Answer
The particle of mass $16m$ must be placed between the two particles but closer to the less massive particle.
The answer to part (a) does not change if the third particle has a mass of $16m$
Work Step by Step
We can find the magnitude of the gravitational force on the particle of mass $16m$ due to the particle of mass $m$:
$F = G~\frac{(m)(16m)}{r_1^2} = \frac{16Gm^2}{r_1^2}$
Note that this force is directed toward the particle of mass $m$.
We can find the magnitude of the gravitational force on the particle of mass $16m$ due to the particle of mass $2m$:
$F = G~\frac{(2m)(16m)}{r_2^2} = \frac{32Gm^2}{r_2^2}$
Note that this force is directed toward the particle of mass $2m$.

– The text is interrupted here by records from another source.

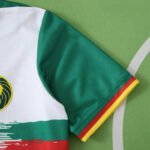 2526 season Cameroon third Fan version - Imagem 5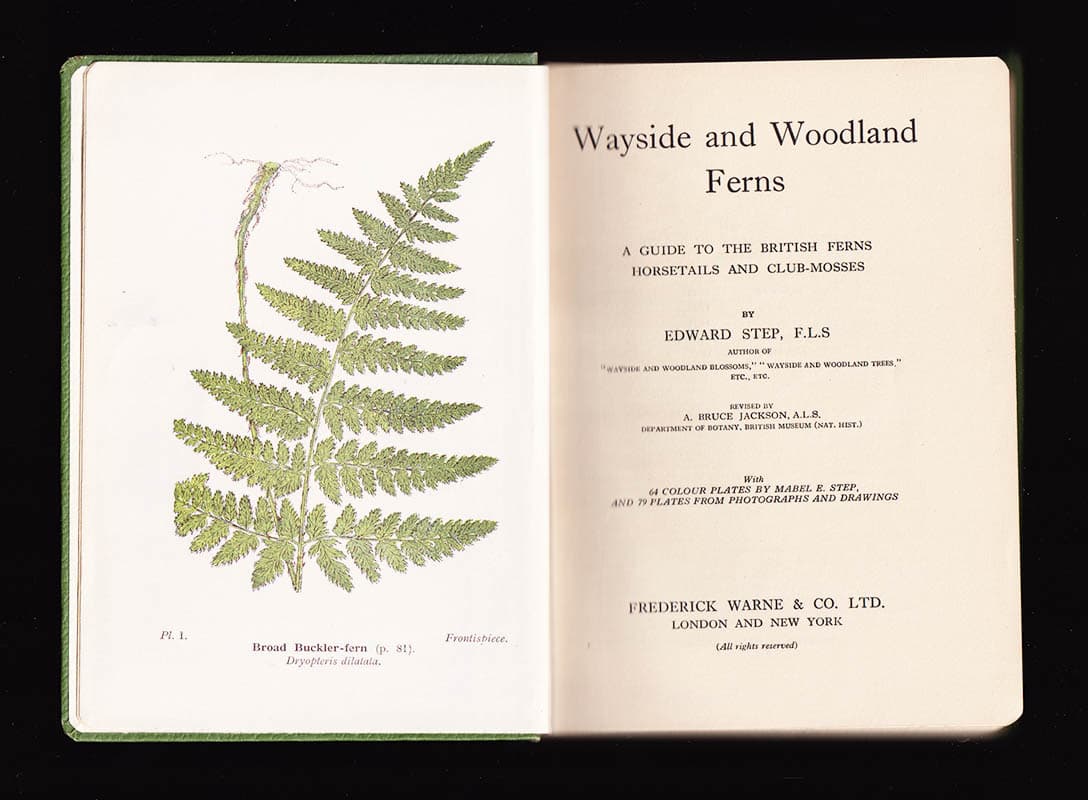 Edward Step : Wayside And Woodland Ferns. A Pocket Guide To The British Ferns, Horsetails & Club Mosses. By Edward Step. Revised by A. Bruce Jackson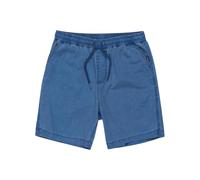 Quiksilver Garçon Taxer Youth Shorts, Estate Blue, 10 Ans EU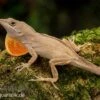 Bahama-Anolis, Anolis Sagrei -Zoofachgeschäft Bahama Anolis Anolis sagrei 1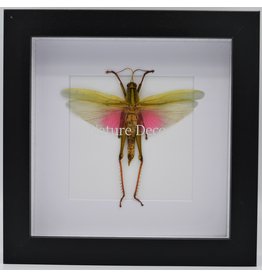 Nature Deco Chondacris Rosea (Pink grasshopper) in luxury 3D frame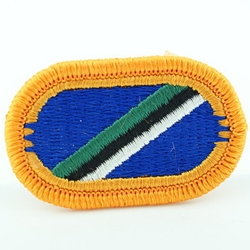 Patch, 101st Airborne Division Without Tab, Color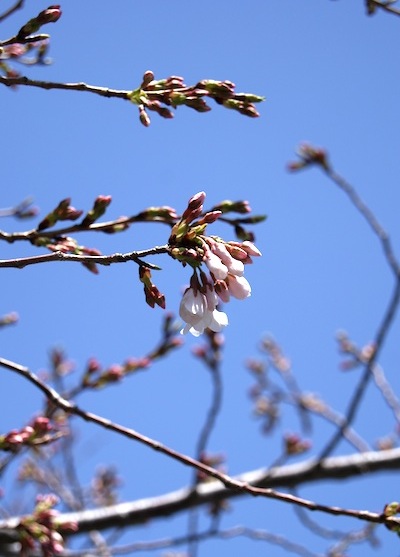 染井吉野2012.4.5
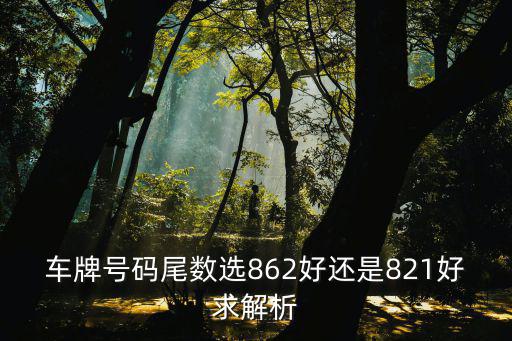 車牌號碼尾數選862好還是821好求解析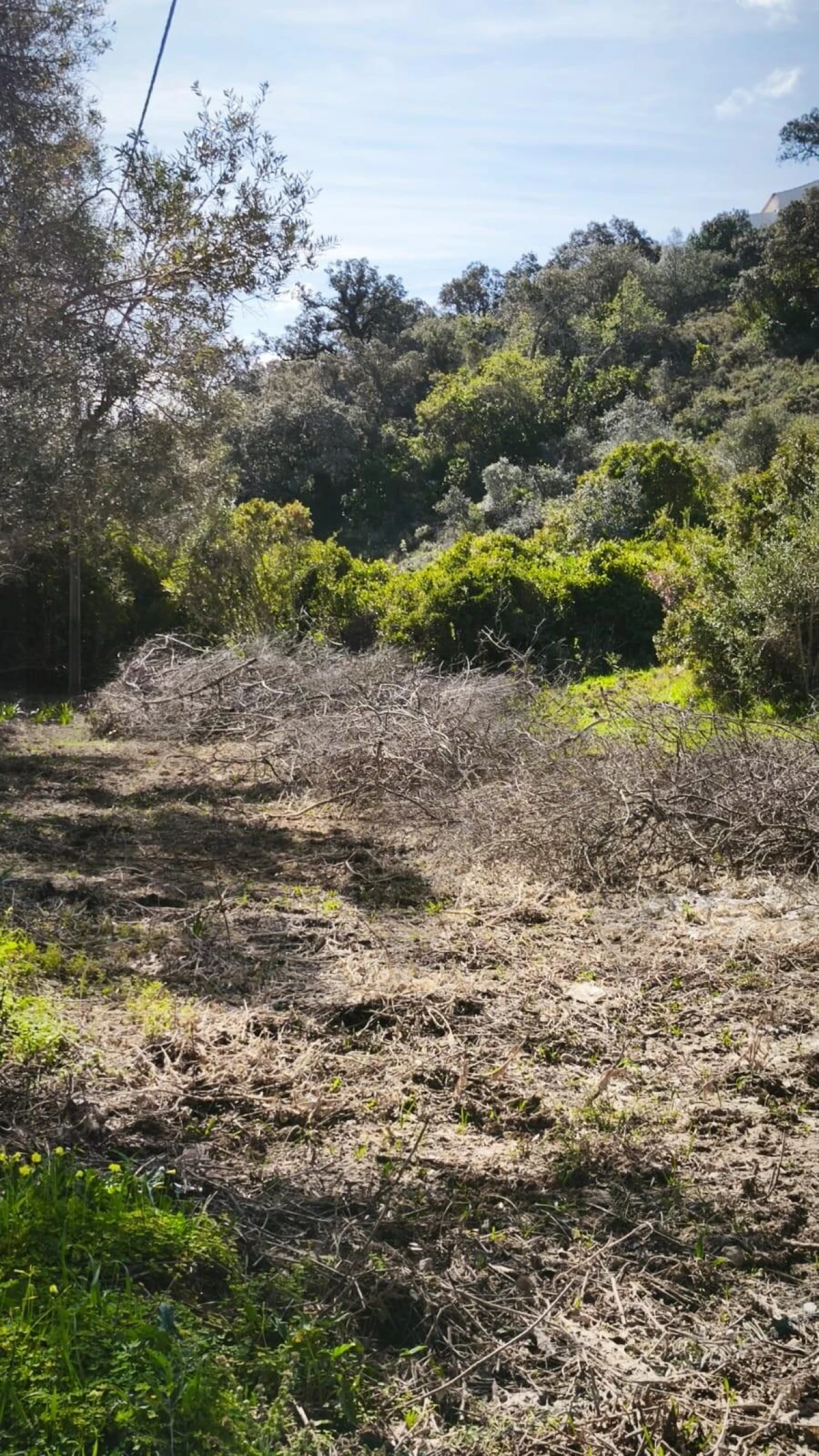 Terreno para Venda em Loule (São Clemente) Foto 19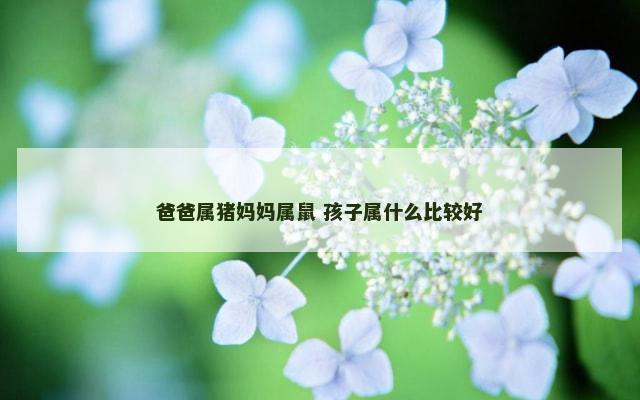 爸爸属猪妈妈属鼠 孩子属什么比较好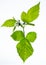 Blackberry twig. Young and green fruit. Photo on a white background. Seasonal plants. Stinging stems. Sharp spikes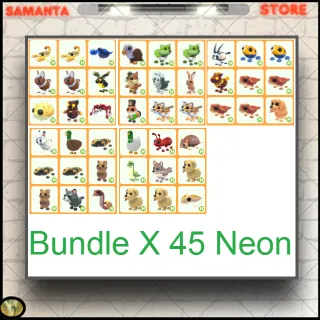 Bundle X45 Neon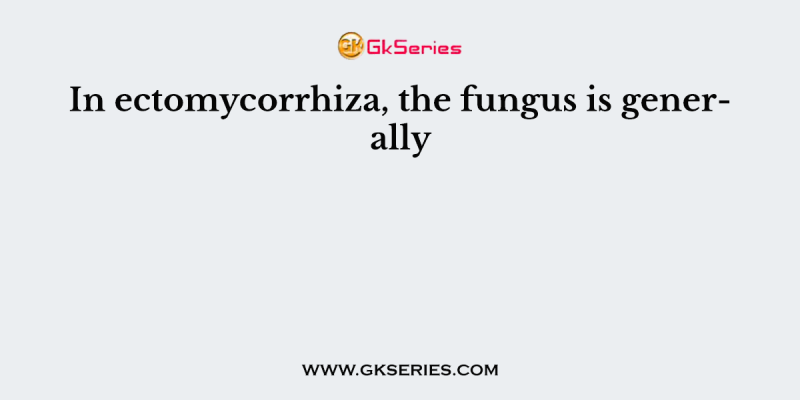 In ectomycorrhiza, the fungus is generally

For the net gravitational force on the particle of mass $16m$ to be 0, the two gravitational forces must point in opposite directions. Therefore, the particle of mass $16m$ must be placed between the two other particles.

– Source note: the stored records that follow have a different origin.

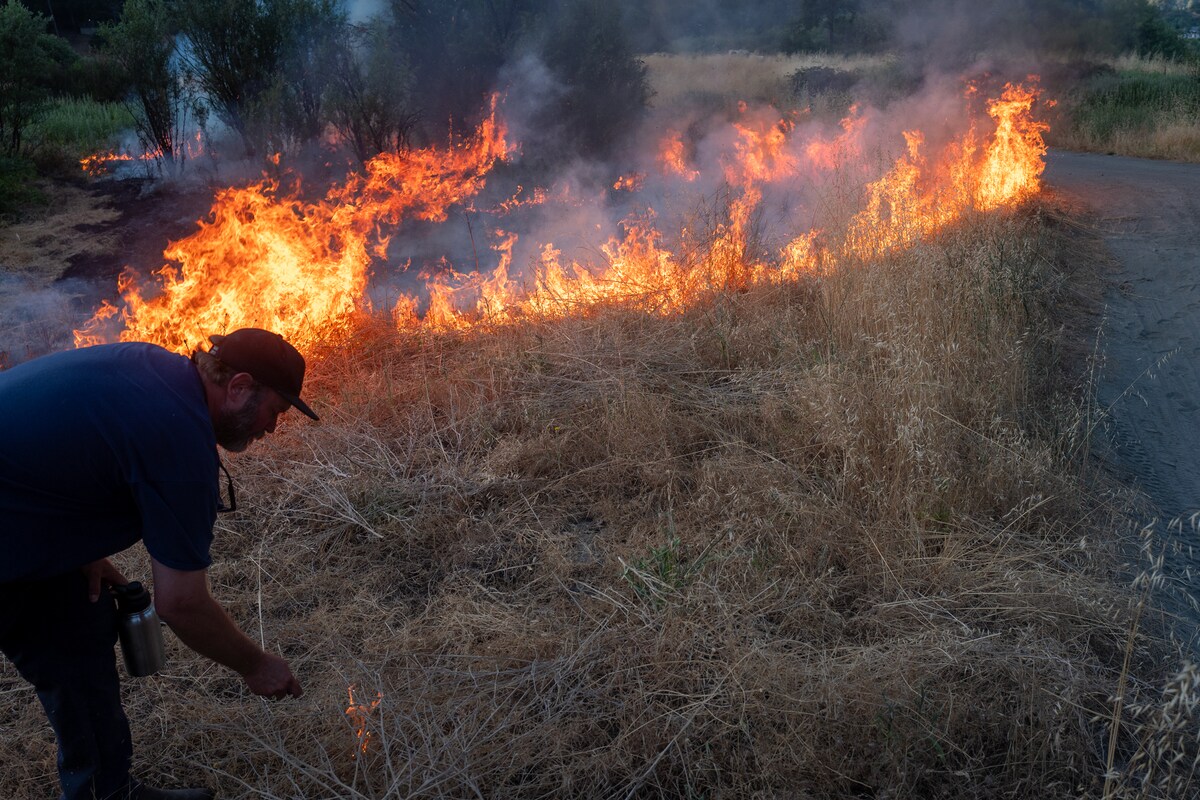 How indigenous practices can help protect forests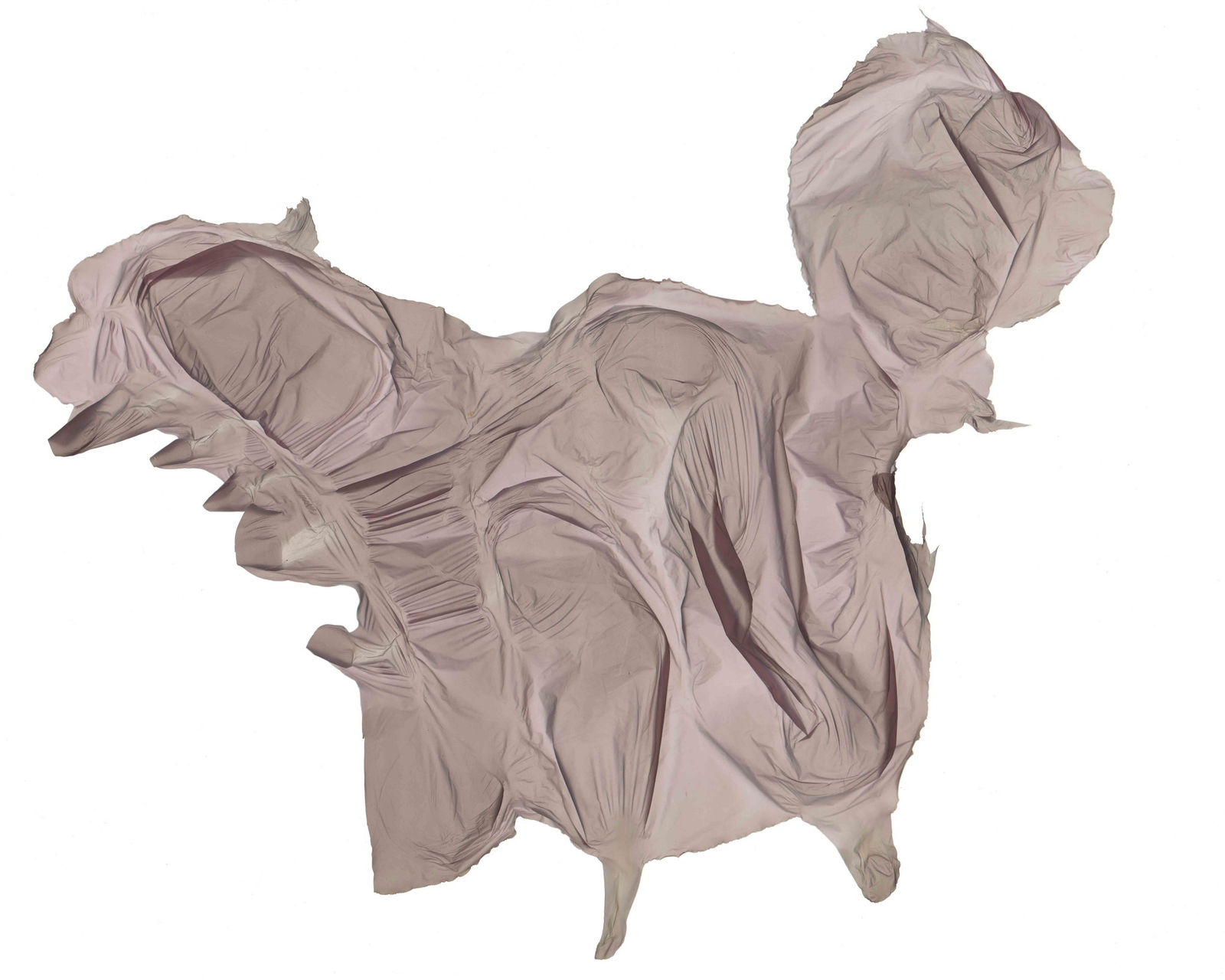 Hector Castells Matutano, Basketcase, 2014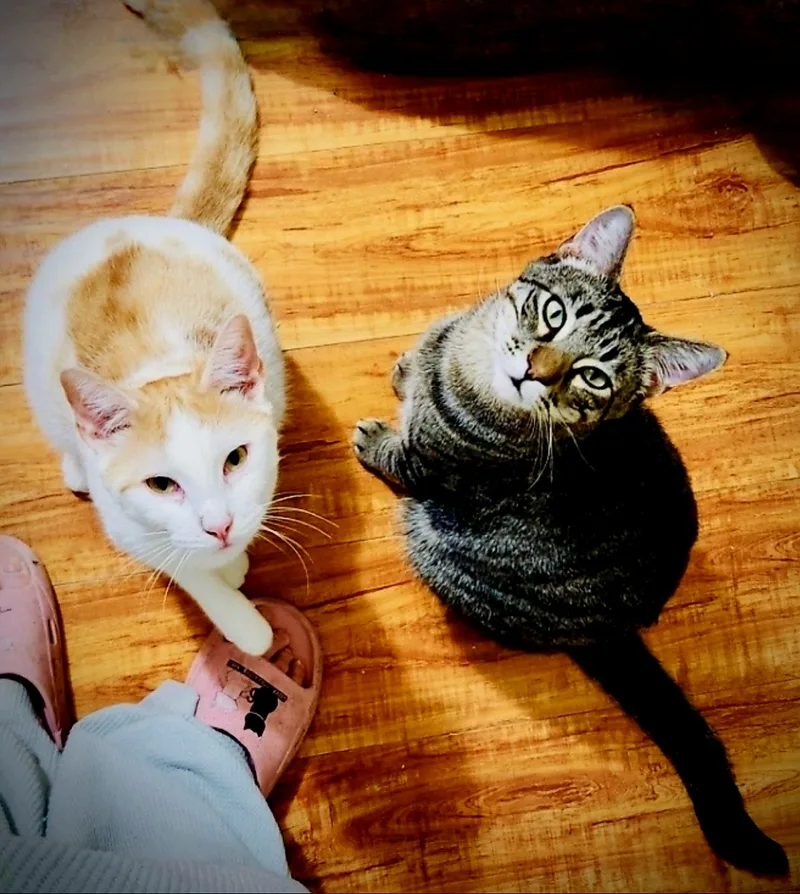 Sweet Sammy thumbnail 2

For the net gravitational force on the particle of mass $16m$ to be 0, the two opposing gravitational forces must have the same magnitude. Therefore, the particle of mass $16m$ must be placed closer to the particle of mass $m$ such that $r_1 \lt r_2$
The particle of mass $16m$ must be placed between the two particles but closer to the less massive particle.
The answer to part (a) does not change if the third particle has a mass of $16m$.